EVERYTHING BUT THE BURDEN: WHAT WHITE PEOPLE ARE TAKING FROM BLACK CULTURE
Greg Tate (Editor)
As we grapple with how to dismantle deep systemic racism, it’s important to examine the ways White people unknowingly do harm to their BIPOC neighbors—where the line is blurred between cultural appreciation and appropriation. This examination is complex and layered, as Greg Tate, editor of Everything But the Burden, showcases by amplifying Black voices that span “music, popular culture, the literary world, and the media.” These narratives are an invitation to participate in critical conversations and reflections within your learning community and beyond about the inherent privilege white skin embodies and lessons in properly honoring Black self-expression.
THE PRESUMPTION OF GUILT: THE ARREST OF HENRY LOUIS GATES, JR., RACE, CLASS AND CRIME IN AMERICA
Charles J. Ogletree, Jr.
The July 16, 2009 arrest of Henry Louis Gates, MacArthur Fellow and Harvard Professor, while breaking into his home in Cambridge, MA, sparked a national dialogue about racial tensions and the presumptive threat Black men and women pose to society.
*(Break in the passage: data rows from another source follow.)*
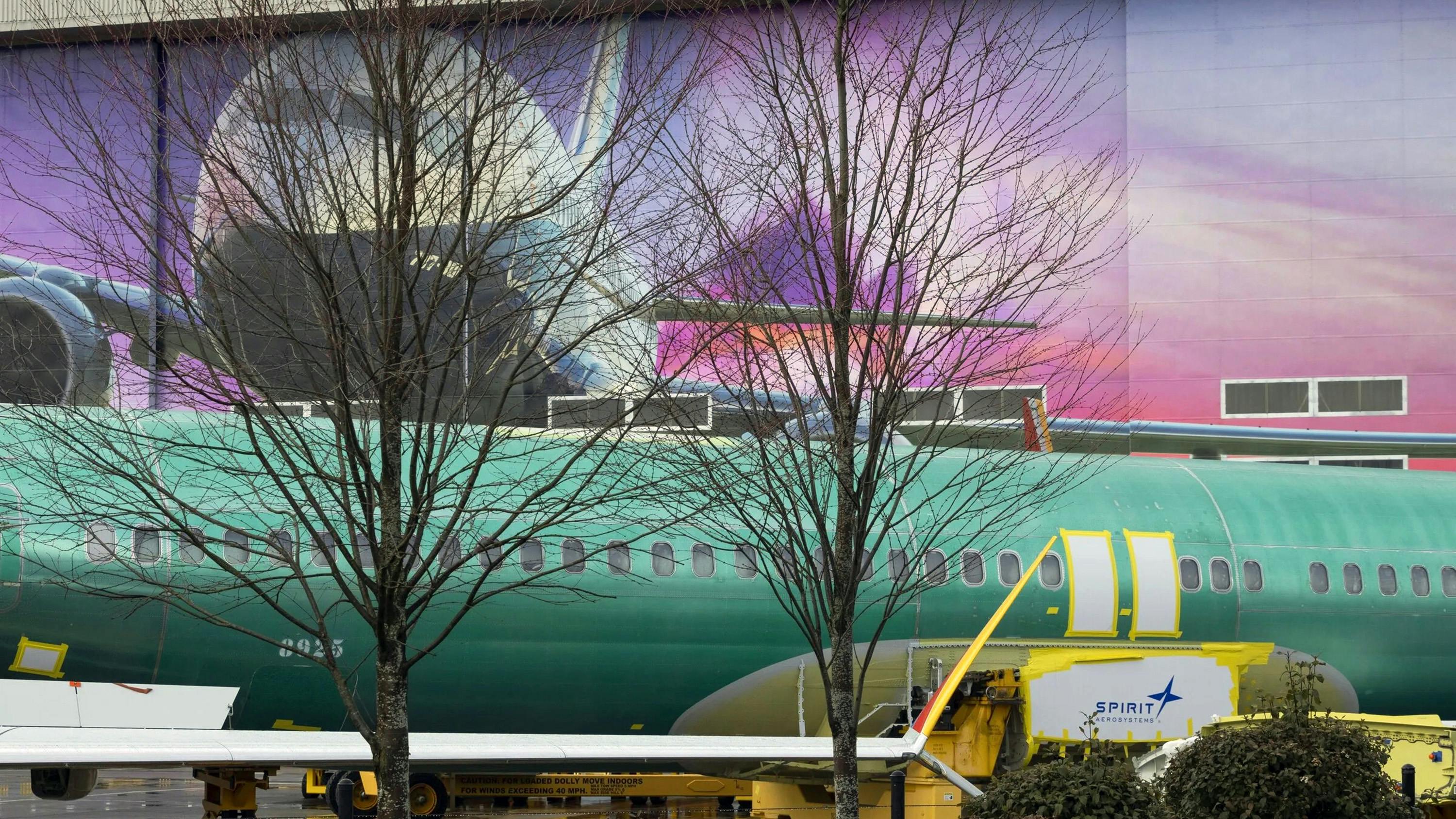 A MAX fuselage with a Spirit AeroSystems logo sits on a train at the Boeing factory in Renton, Washington, on Friday, March 1, 2024.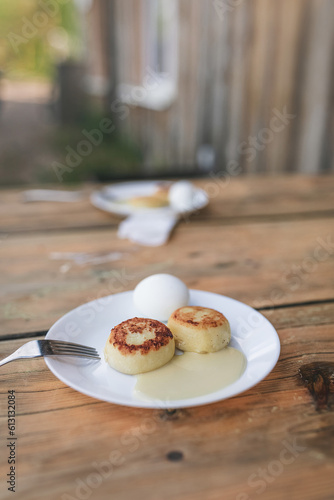 Two white plates with cheesecakes, sweet sauce, eggs and metal fork on aged wooden table. Village atmosphere and early morning breakfast for two persons, with old village house background.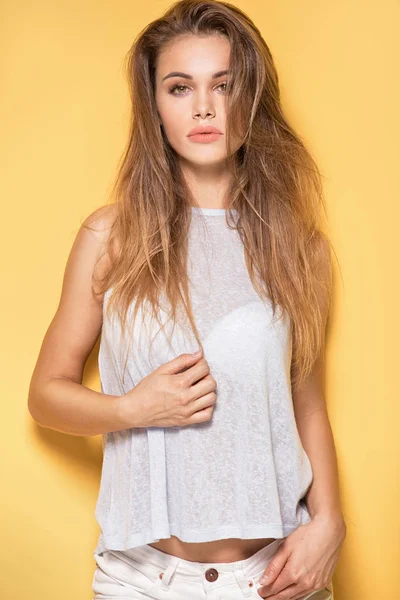 Hermosa joven caucásica posando sobre fondo amarillo . — Foto de Stock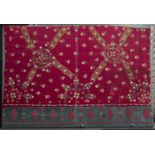 A Pakistan, Sind, finely embroidered wedding shawl fragment with star and florette design on a red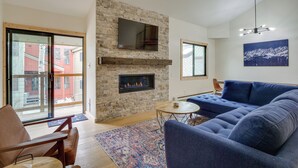 A modern living room with a stone fireplace, a blue sofa, and a television mounted on the wall. - Ski Retreat: Keystone Resort Condo w/ Heated Pool! (Keystone)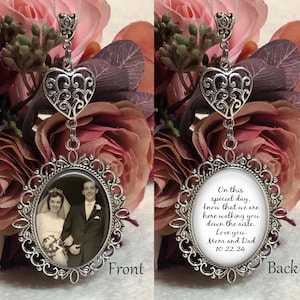May include: A silver heart-shaped charm hangs from a silver oval frame with a black and white photo of a bride and groom. The back of the frame has the text "On this special day, know that we are here walking you down the aisle. Love you. Mom and Dad 10.22.24".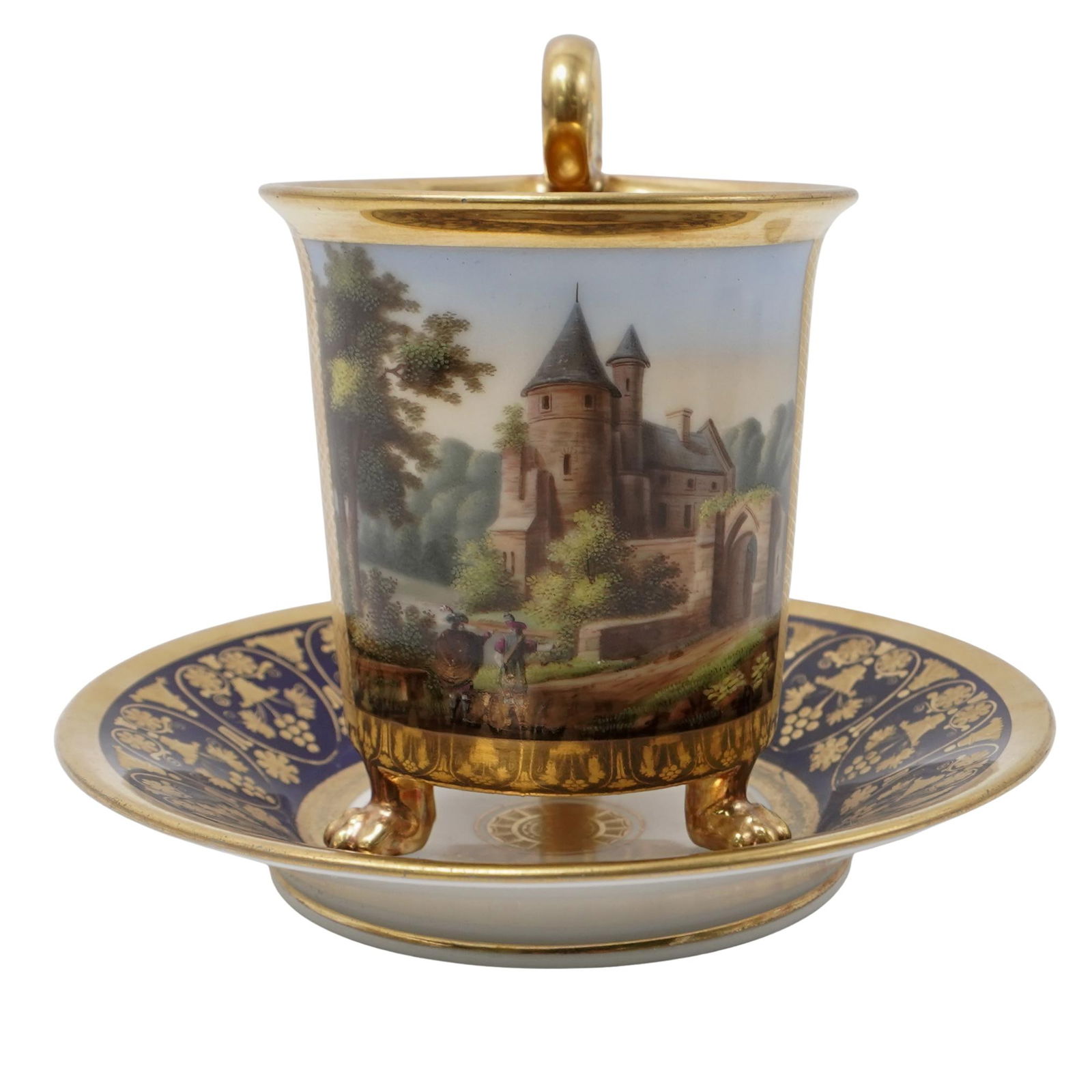 Antique Porcelain European Cup and Saucer.: Antique Porcelain European Cup and Saucer.20th century , EuropeanAntique Porcelain Cup and Saucer set. The design features hand painted castle scene on the cup and a elaborate cobalt blue and gold gil
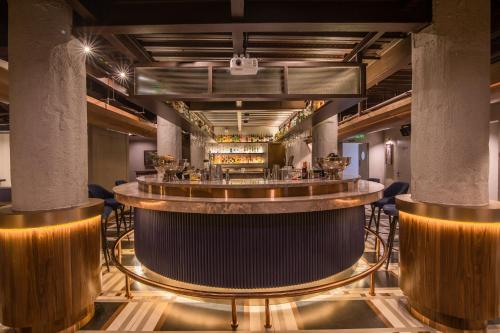 a view of a bar in a room with columns at 37th Crescent Hotel Bengaluru in Bengaluru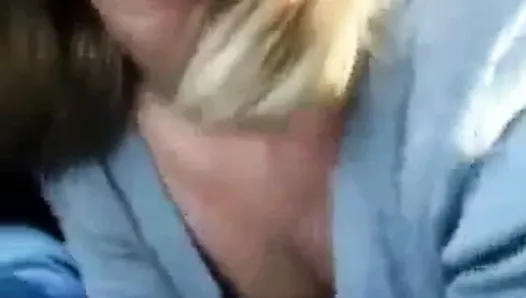 Hot blondie gives a nice car blowjob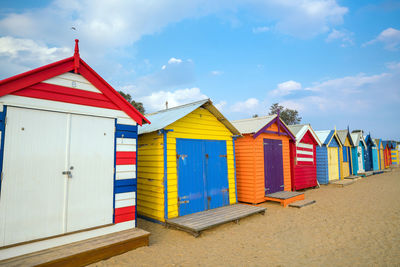 Beach huts against sky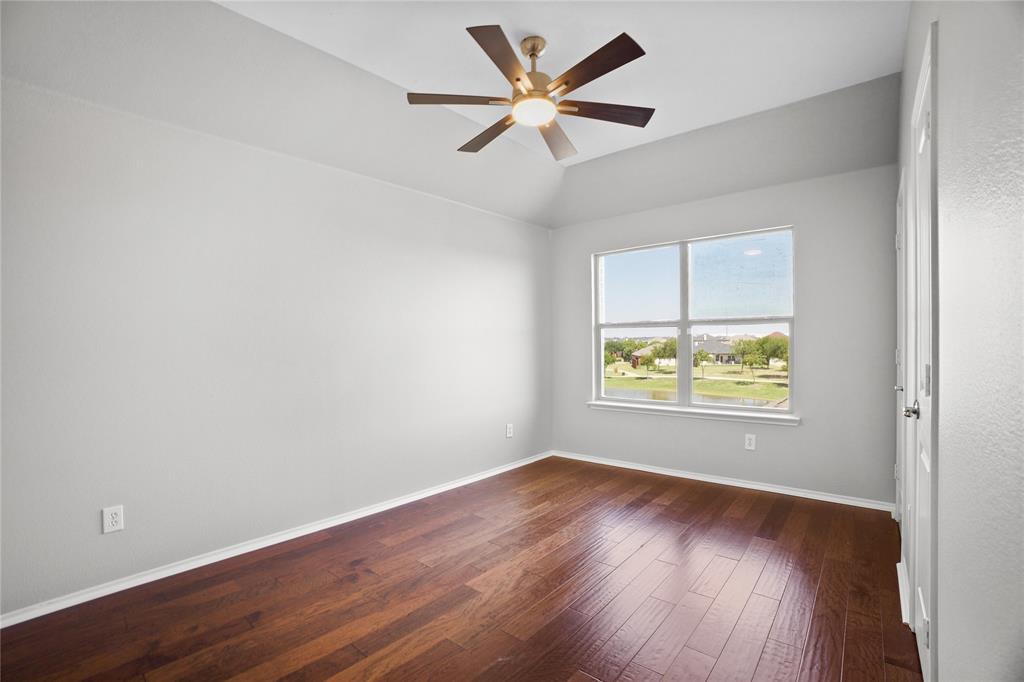 14904 Riverside Drive Little Elm, TX 75068 - Photo 19 of 28 an empty room with wooden floor and ceiling fan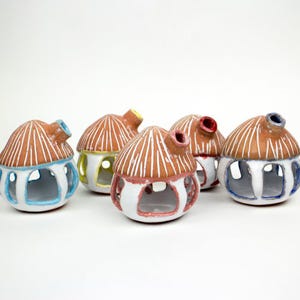 May include: Six ceramic house-shaped candle holders. Each has a brown roof with white vertical lines, a white base, and colorful accents around the windows and chimney. The chimneys are blue, red, yellow, and brown.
A single incident illuminated that one’s achievement and class are not cures for the implicit and explicit racial biases pervading policing and our legal system. In The Presumption of Guilt, prominent Civil Rights expert Charles Ogletree draws from Gates’s story, along with his own encounters with law enforcement and extensive research into the intersectionality of “race, class, and crime,” to explore what’s needed to realize “racial and legal equality” for all in America. For any educator who desires to better understand the persistent and layered obstacles young learners of color and their families confront in society, this book is for you.
WHY ARE ALL THE BLACK KIDS SITTING TOGETHER IN THE CAFETERIA?
Charles J. Ogletree, Jr.
There are many questions to explore when confronting why young learners, in diverse learning spaces, are prone to self-segregate, by race, into their respective corners. Is it a defense mechanism? Are there deeper societal breakdowns in communication across race and ethnicity that begin at an early age? If so, how do we thoughtfully address them? Beverly Daniel Tatum, an authority on racism and psychology and author of Why Are All The Black Kids Sitting Together in the Cafeteria? implores that honest exploration of racial identities is the key to breaking down barriers. This is an essential read for educators looking to understand (and change) how racial dynamics play out in their learning environments.
BETWEEN THE WORLD AND ME
In a deeply personal and groundbreaking narrative, Ta-Nehisi Coates pens a letter to his son about coming face to face, over the course of his life, with his Blackness and how it fits (or doesn’t) in the world he lives in. Between the World and Me is a lens through which to view and absorb the role race and racism have played in America’s past and present, and the hope Ta-Nehisi holds for the future. It’s about learning to live in one’s skin—and the world around you—and is a powerful book to pass on to any young person of color wanting to connect more closely to their identity and education.
EVERYDAY WHITE PEOPLE CONFRONT RACIAL AND SOCIAL INJUSTICE: 15 STORIES
Eddie Moore (Editor), Marguerite W. Penick-Parks (Editor), Ali Michael (Editor)
What does it mean to be a White, anti-racist activist? What are the circumstances, experiences, and choices that lead someone down that path? How is it to sit in the very privilege you’re fighting to subvert? Fifteen White social justice activists, through 15 unique stories, write about their journeys in Everyday White People Confront Racial and Social Injustice. The stories include the lifelong learning required to take on the fight against oppression and dismantle structural racism. Becoming anti-racist is a nuanced and emotional path. And, this book provides educators, parents, and young learners the questions, insights, tools, and courage to guide their own journey in becoming and being anti-racist.